Permalink http://canmore.org.uk/event/606994

The remains of the fort on Dunagoil, which was first mapped in detail by Peter or Alexander May in 1780, are generally as described by the OS in 1976, and the significance of the site and the artefacts found in it to Iron Age studies has recently been reviewed by Harding (2004).

At a height of 35m above sea level, the fort sits at the NW end of a craggy basalt ridge with vertical cliffs on the NE and NW, a steep, uneven, drop to the sea on the SW and a gentle, but very irregular, descent to a natural cove some 200m to the SE. The fort measures about 85m from NW to SE by up to 20m transversely within the cliff-edge on the NW and NE and a ruinous timber-laced wall elsewhere that measures up to about 3.5m in thickness.

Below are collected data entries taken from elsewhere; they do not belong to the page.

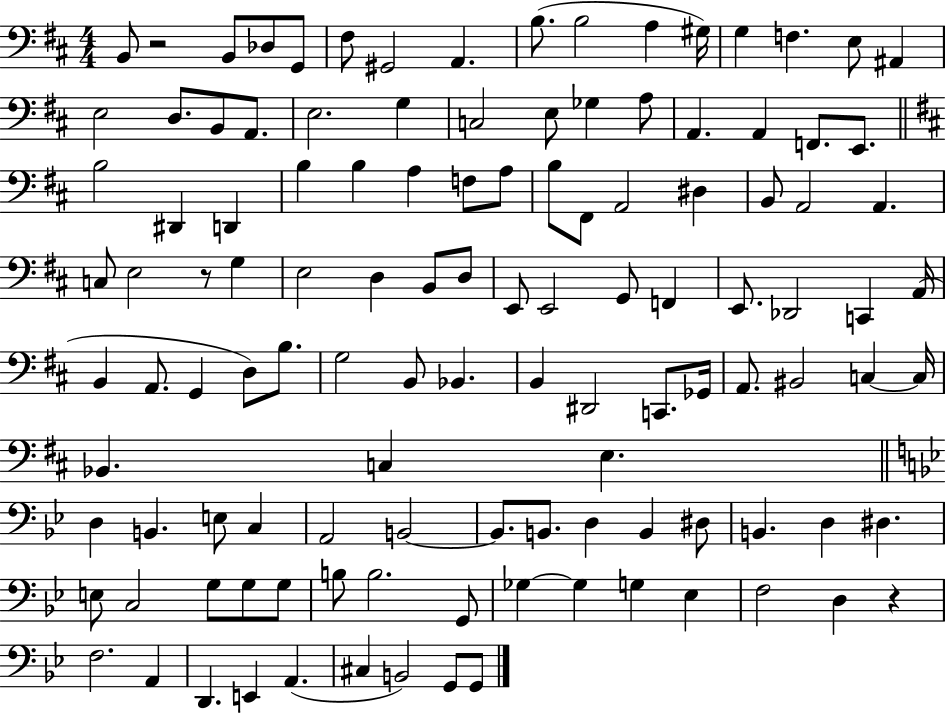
{
  \clef bass
  \numericTimeSignature
  \time 4/4
  \key d \major
  b,8 r2 b,8 des8 g,8 | fis8 gis,2 a,4. | b8.( b2 a4 gis16) | g4 f4. e8 ais,4 | \break e2 d8. b,8 a,8. | e2. g4 | c2 e8 ges4 a8 | a,4. a,4 f,8. e,8. | \break \bar "||" \break \key b \minor b2 dis,4 d,4 | b4 b4 a4 f8 a8 | b8 fis,8 a,2 dis4 | b,8 a,2 a,4. | \break c8 e2 r8 g4 | e2 d4 b,8 d8 | e,8 e,2 g,8 f,4 | e,8. des,2 c,4 a,16( | \break b,4 a,8. g,4 d8) b8. | g2 b,8 bes,4. | b,4 dis,2 c,8. ges,16 | a,8. bis,2 c4~~ c16 | \break bes,4. c4 e4. | \bar "||" \break \key bes \major d4 b,4. e8 c4 | a,2 b,2~~ | b,8. b,8. d4 b,4 dis8 | b,4. d4 dis4. | \break e8 c2 g8 g8 g8 | b8 b2. g,8 | ges4~~ ges4 g4 ees4 | f2 d4 r4 | \break f2. a,4 | d,4. e,4 a,4.( | cis4 b,2) g,8 g,8 | \bar "|."
}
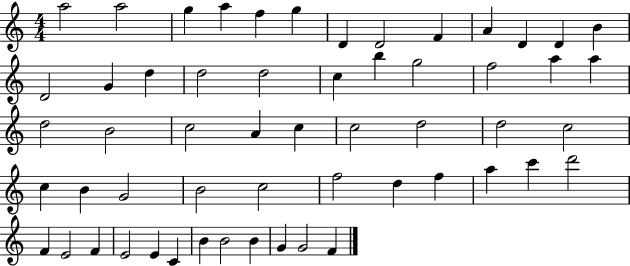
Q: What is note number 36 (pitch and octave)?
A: G4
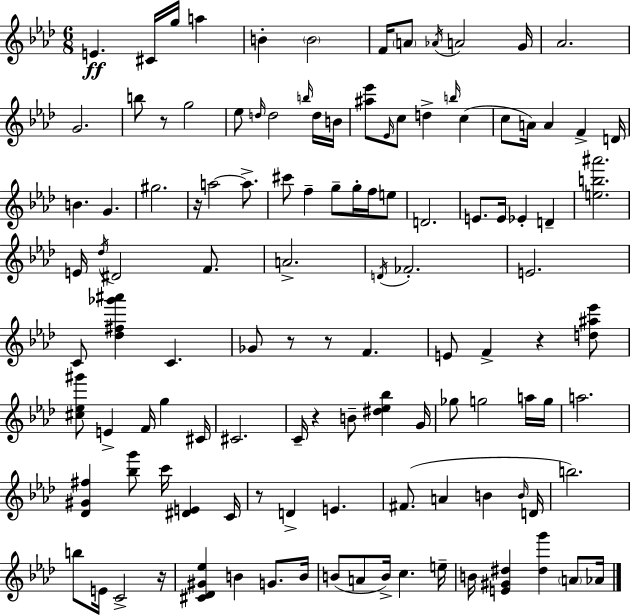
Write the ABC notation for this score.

X:1
T:Untitled
M:6/8
L:1/4
K:Fm
E ^C/4 g/4 a B B2 F/4 A/2 _A/4 A2 G/4 _A2 G2 b/2 z/2 g2 _e/2 d/4 d2 b/4 d/4 B/4 [^a_e']/2 _E/4 c/2 d b/4 c c/2 A/4 A F D/4 B G ^g2 z/4 a2 a/2 ^c'/2 f g/2 g/4 f/4 e/2 D2 E/2 E/4 _E D [eb^a']2 E/4 _d/4 ^D2 F/2 A2 D/4 _F2 E2 C/2 [_d^f_g'^a'] C _G/2 z/2 z/2 F E/2 F z [d^a_e']/2 [^c_e^g']/2 E F/4 g ^C/4 ^C2 C/4 z B/2 [^d_e_b] G/4 _g/2 g2 a/4 g/4 a2 [_D^G^f] [_bg']/2 c'/4 [^DE] C/4 z/2 D E ^F/2 A B B/4 D/4 b2 b/2 E/4 C2 z/4 [^C_D^G_e] B G/2 B/4 B/2 A/2 B/4 c e/4 B/4 [E^G^d] [^dg'] A/2 _A/4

The SW side is characterised by the presence of a large mass of in situ vitrified wall-core along much of its length and it is broken by an entrance about midway. There is what appears to be another entrance (revealed in an excavation trench) in the SE end, where the fort wall runs on to the edge of the precipice on the NE before turning and extending along the cliff-top for a distance of about 10m. There is no evidence that there was any form of wall along the remaining length of the NE side and the NW end, but at a distance of about 35m from the SE end a crevice that would have afforded relatively easy access to the summit has been blocked by a drystone revetment, the outer face of which stands to a height of at least 0.7m. Another blocked crevice, this time outside the fort some 75m to the SE, may have been designed to hinder progress towards the fort from that direction. It lies on the line of easiest access to the summit from the lower terrace and the cove, and even today the blocking stands up to about 1m in height. Apart from excavation trenches, the interior of the fort is featureless.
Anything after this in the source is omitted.